◆ ABOUT THIS TASK
The answer must consist only of the lines in the records below from the line with "Filtre, air de" to the line with "Titanium interior window", both included, copied word for word with every picture left out.
### MATERIAL TO PROCESS
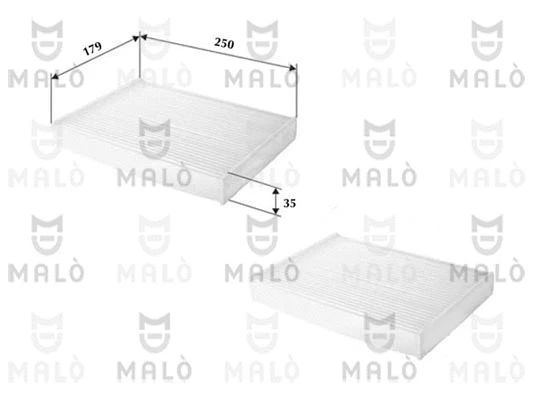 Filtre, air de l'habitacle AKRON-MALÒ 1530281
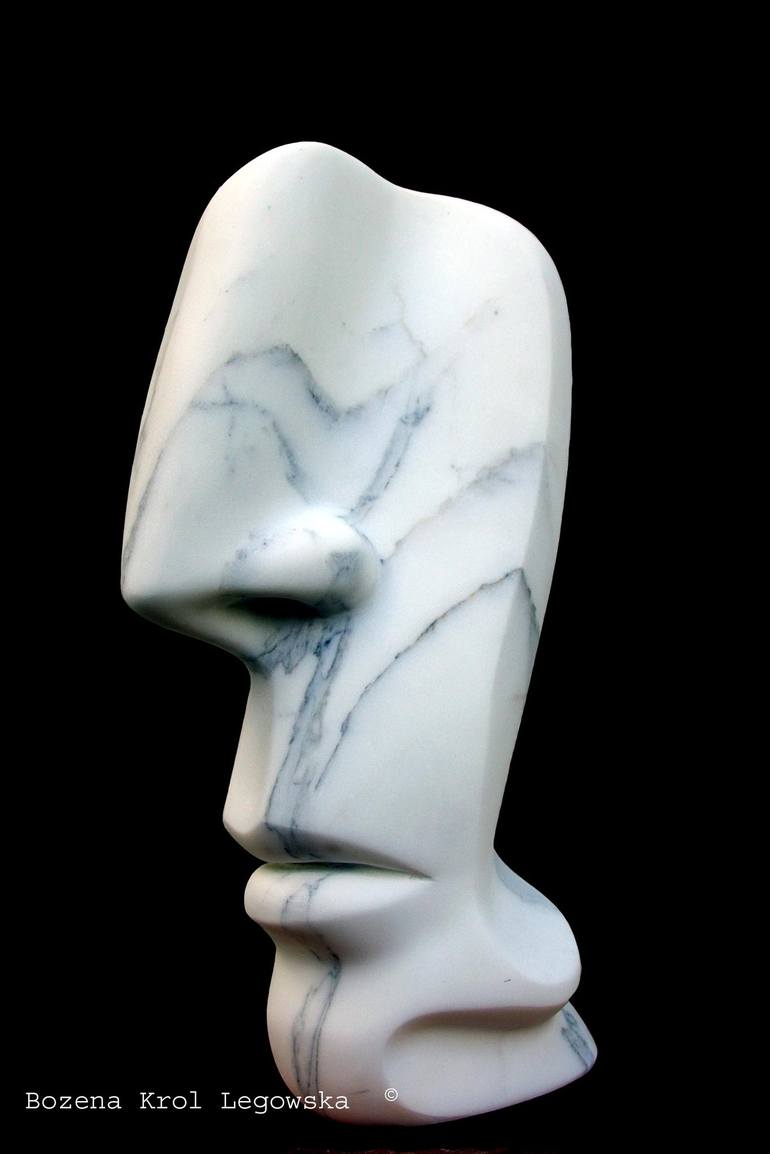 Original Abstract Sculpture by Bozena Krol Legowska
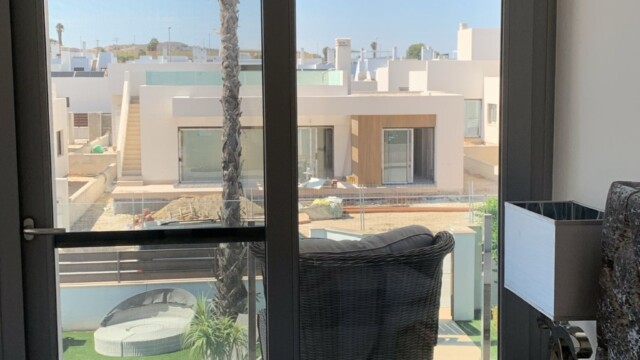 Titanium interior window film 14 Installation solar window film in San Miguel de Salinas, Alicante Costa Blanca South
######
### MATERIAL TO PROCESS
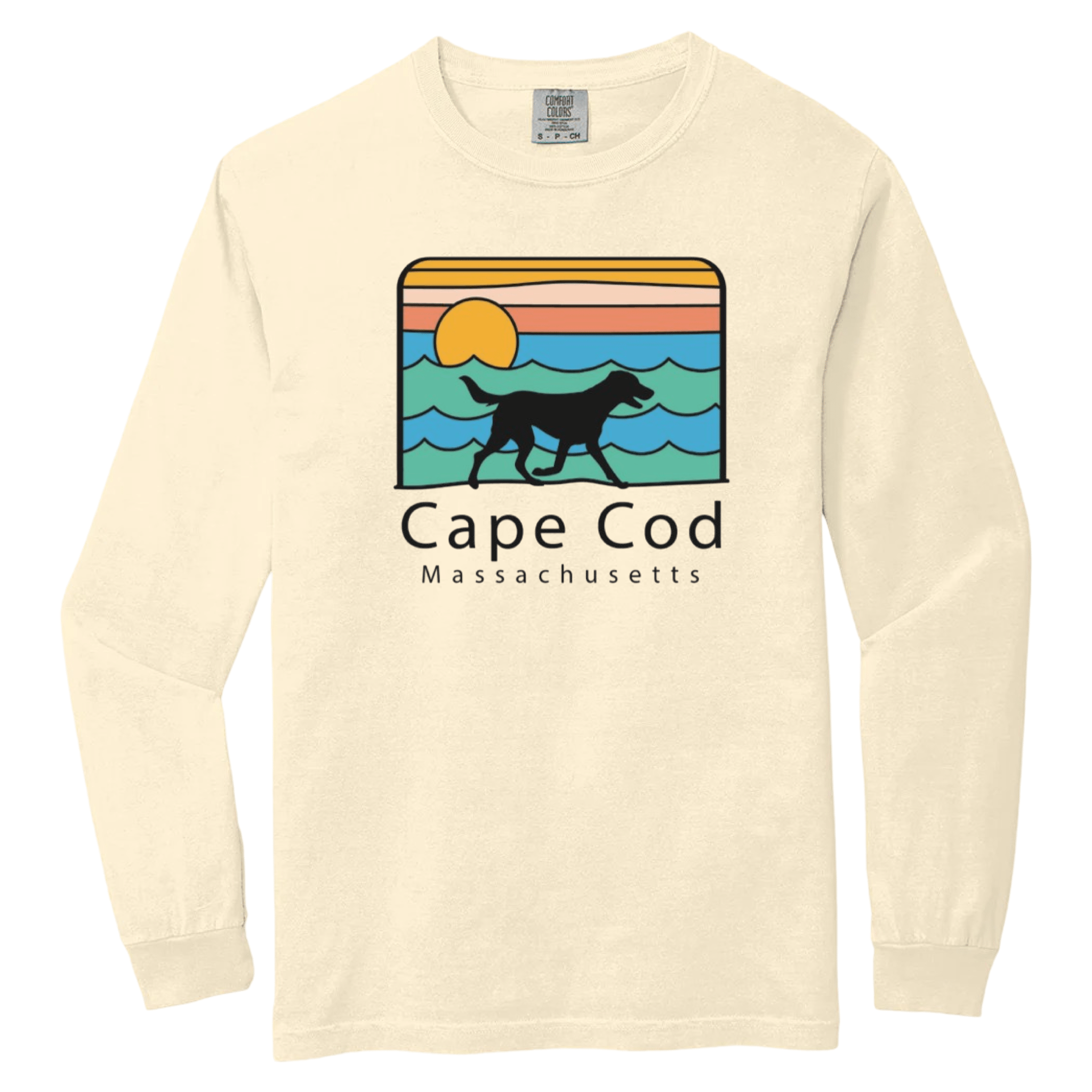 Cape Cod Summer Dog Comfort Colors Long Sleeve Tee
######
### MATERIAL TO PROCESS
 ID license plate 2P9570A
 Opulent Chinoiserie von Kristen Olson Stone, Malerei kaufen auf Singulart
######
◆ SOLUTION FOR THIS PROBLEM
 Filtre, air de l'habitacle AKRON-MALÒ 1530281
 Original Abstract Sculpture by Bozena Krol Legowska
 Titanium interior window film 14 Installation solar window film in San Miguel de Salinas, Alicante Costa Blanca South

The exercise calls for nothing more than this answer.